Ah, it was good to be alive with such an age of happiness before them!
He felt the tears in her voice, however; he knew there was something
that she longed to tell.
"What is your sadness?" he asked softly, "and why do you put such
questions to me now? What is your little trouble?"
A moment's hesitation, a moment's hanging of the graceful head the
width of a petal's top nearer to his shoulder--and then she told him.
"I was in darkness for a time," she faltered, "but it was a long, long
time. It seemed that something came between us. I lost your face. I
felt afraid."
And his laughter--for just then a puff of wind passed by and shook his
sides for him--ran across many feet of lawn.
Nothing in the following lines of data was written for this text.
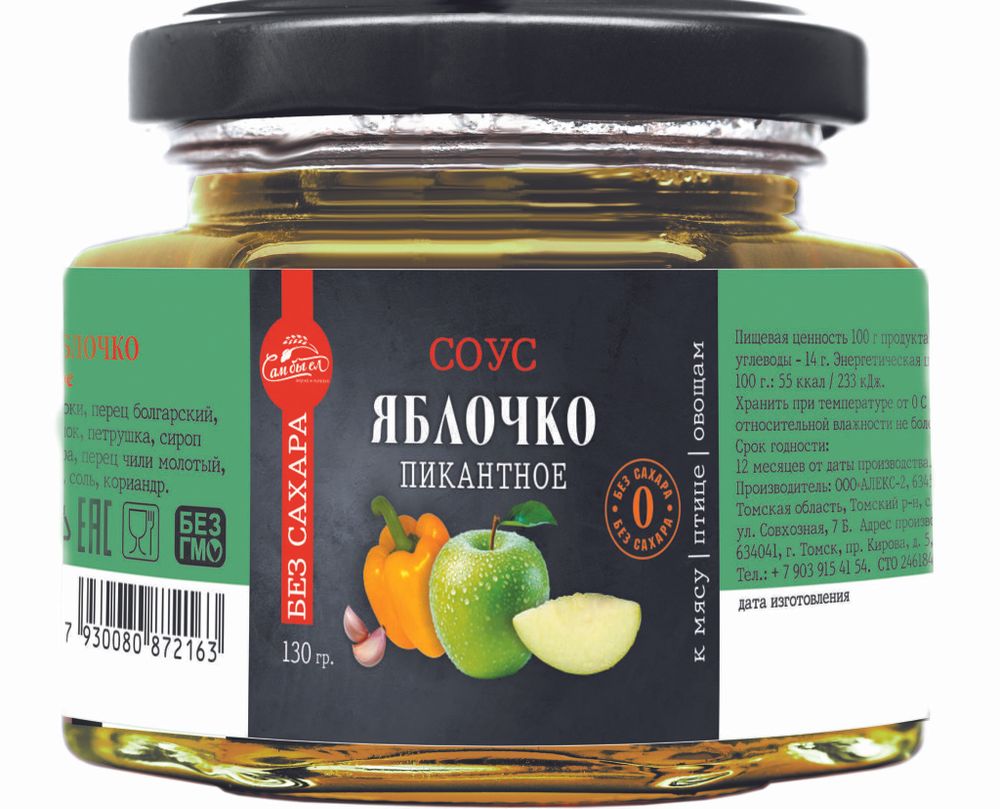 соус банка 130 гр яблочко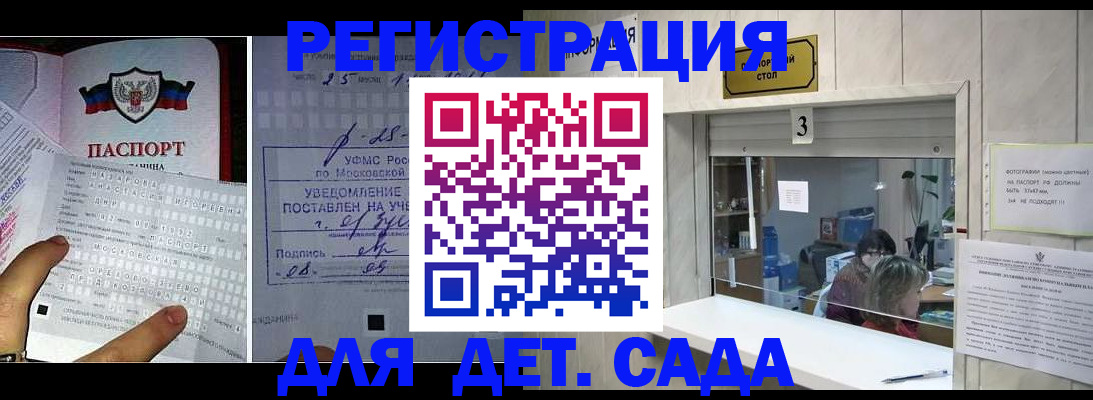 прописка гарантия в Армянске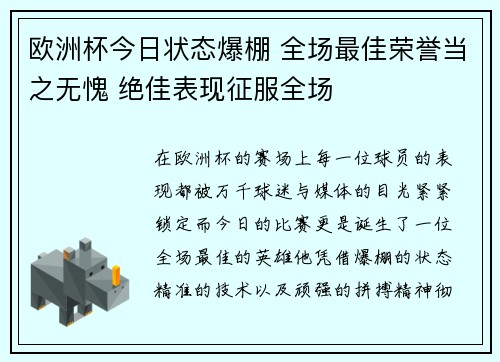 欧洲杯今日状态爆棚 全场最佳荣誉当之无愧 绝佳表现征服全场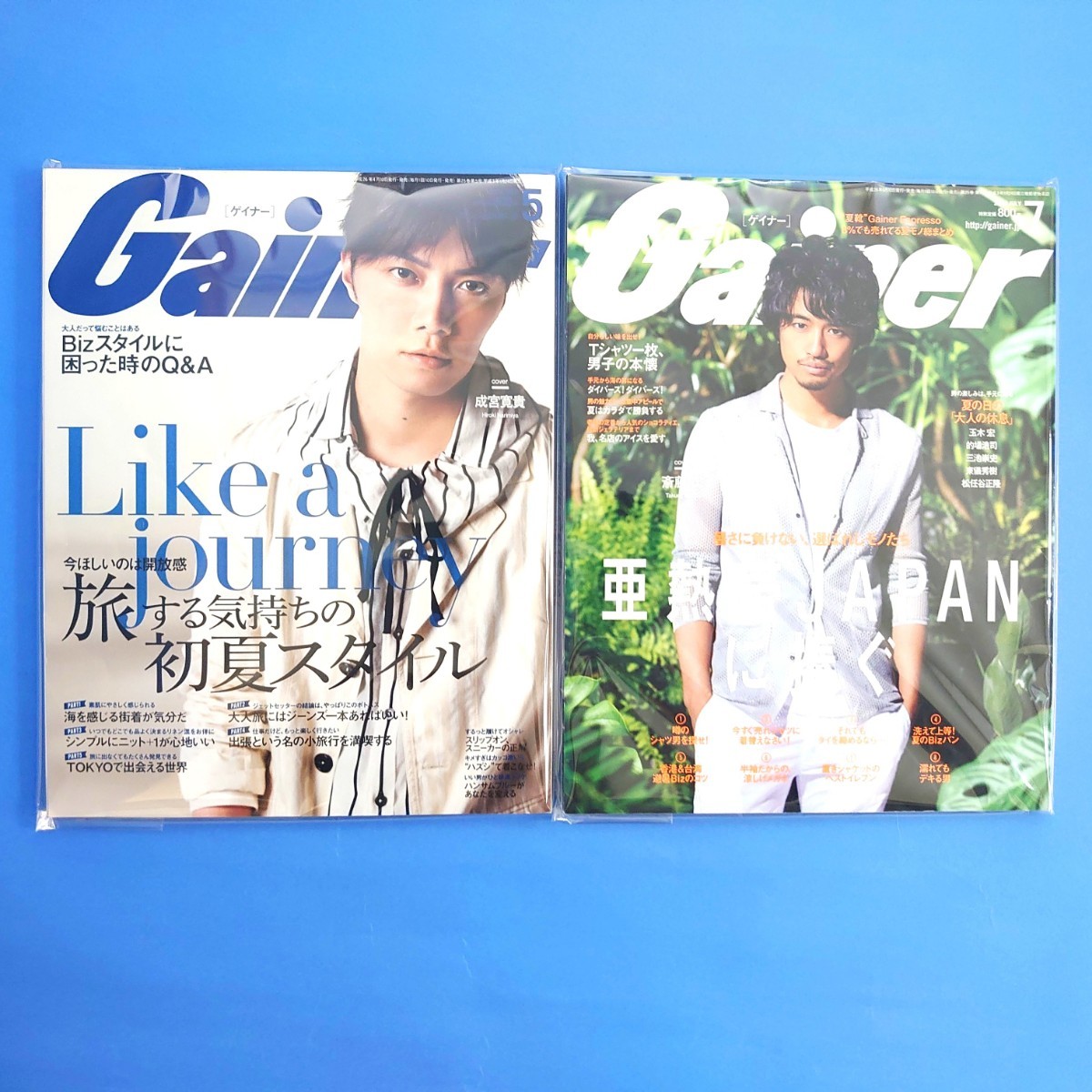 Gainer ゲイナー 赤楚衛二モデル 2014年5月号&7月号セット 赤楚衛 雑誌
"It was a Bumble Bee," he comforted her. "It came between us for a
bit, its shadow fell upon you, nothing more! Such things will happen;
we must be prepared for them. It was nothing in myself that dimmed
your world."
"Another time I will be braver, then," she told him, "and even in the
darkness I shall know you close, ah, very close to me...."
For a long, long stretch of time, then, they stood joyfully together
and watched the lilac growing. They also saw the movement of the sun
across the sky. An eternity passed over them.... The vast disc of the
sun went slowly gliding....
But all the enormous things that happened in their lives cannot be
told. Lives crammed with a succession of such grand and palpitating
adventures lie beyond the reach of clumsy words. The sweetness
sometimes was intolerable, and then they shared it with the entire
lawn and so obtained relief--yet merely in order to begin again. The
humming of the rising Spring continued with the thunderous droning of
the turning Earth. Never uncared for, part of everything, full of the
big, rich life that brims the world in May--ah, almost fuller than
they could hold sometimes--they passed with existence along to their
appointed end.
"We began so long ago, I simply can't remember it," she sighed.
Yet the sun they watched had not left half a degree behind him since
they met.
"There was no beginning," he reproved her, smiling, "and there will
never be any end."
And the wind spread their happiness like perfume everywhere until the
whole white lawn of daisies lay singing their rapture to the
sunshine....
The minute underworld of grass and stalks seemed of a sudden to grow
large; yet, till now, they had not realised it as "large"--but simply
natural. A beetle, big and broad as a Newfoundland dog, went lumbering
past them, brushing its polished back against their trembling necks;
yet, till now, they had not thought of it as "big"--but simply normal.
Its footsteps made a grating sound like the gardener's nailed boots
upon the gravel paths. It was strange and startling. Something was
different, something was changing. They realised dimly that there was
another world somewhere, a world they had left behind long, long ago,
forgotten. Something was slipping from them, as sleep slips from the
skin and the eyes in the early morning when the bath comes "pinging"
upon the floor. What did it mean?
Big and little, far and near, above, below, inside and outside--all
were mixed together in a falling rush.
They themselves were changing.
They looked up. They saw an enormous thing rising behind them with
vast caverns of square outline opening in its sides--a house. They saw
huge, towering shapes whose tops were in the clouds--the familiar lime
trees. Big and tiny were inextricably mixed together.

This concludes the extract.